Forces as Vectors

Definition of Vectors

A vector is a quantity that has both magnitude (size) and direction. Forces are vectors because they push or pull in a specific direction and have a strength measured in newtons (N).

For example, a force of 10 N acting to the right is different from a force of 10 N acting upwards, even though the magnitude is the same.

Magnitude and Direction

The magnitude of a force is how strong it is, measured in newtons (N). The direction is the line along which the force acts, indicated by an arrow.

Both magnitude and direction are essential to fully describe a force. Changing either changes the effect of the force.

Representation by Arrows

Forces are often represented by arrows in diagrams:

• The length of the arrow shows the magnitude of the force (longer arrow = bigger force).
• The direction of the arrow shows the direction in which the force acts.

This visual representation helps to understand how forces combine and interact.

Example:

A force of 5 N acting to the right can be drawn as an arrow pointing right with a length proportional to 5 N. A force of 10 N acting upwards would be an arrow twice as long pointing upwards.

Vector Addition of Forces

When two or more forces act on an object, they combine to form a single force called the resultant force. This resultant force determines the overall effect on the object.

Adding Forces in the Same Direction

If forces act along the same line and in the same direction, add their magnitudes to find the resultant force.

For example, if two forces of 3 N and 7 N act to the right, the resultant force is:

$3\,\text{N} + 7\,\text{N} = 10\,\text{N}$ to the right.

Adding Forces in Opposite Directions

If forces act along the same line but in opposite directions, subtract the smaller force from the larger one. The resultant force acts in the direction of the larger force.

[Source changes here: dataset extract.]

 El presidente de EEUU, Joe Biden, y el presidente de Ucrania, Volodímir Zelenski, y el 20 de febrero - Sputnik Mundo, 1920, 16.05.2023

For example, if 8 N acts to the right and 5 N acts to the left, the resultant force is:

$8\,\text{N} - 5\,\text{N} = 3\,\text{N}$ to the right.

Example:

Two people pull a box with forces of 12 N and 15 N in the same direction. The resultant force is:

$12\,\text{N} + 15\,\text{N} = 27\,\text{N}$ in that direction.

If the 15 N force acts to the right and the 12 N force acts to the left, the resultant force is:

$15\,\text{N} - 12\,\text{N} = 3\,\text{N}$ to the right.

Resolving Forces

Forces can act at angles, not just along the same line. To analyse these, we resolve a force into two perpendicular components, usually horizontal and vertical.

This means breaking one force into two forces at right angles that have the same combined effect as the original force.

Components of Forces

If a force $F$ acts at an angle $\theta$ to the horizontal, its components are:

• Horizontal component: $F_x = F \cos \theta$
• Vertical component: $F_y = F \sin \theta$

These components are easier to work with when calculating net forces or checking if an object is in equilibrium.

Using Perpendicular Vectors

Because the components are at right angles, they can be treated independently. The original force can be found again by combining the components using Pythagoras’ theorem:

$$F = \sqrt{F_x^2 + F_y^2}$$

The angle $\theta$ can be found using:

$$\theta = \tan^{-1}\left(\frac{F_y}{F_x}\right)$$

Applications in Equilibrium

When an object is in equilibrium (not moving or moving at constant velocity), the sum of forces in both horizontal and vertical directions is zero.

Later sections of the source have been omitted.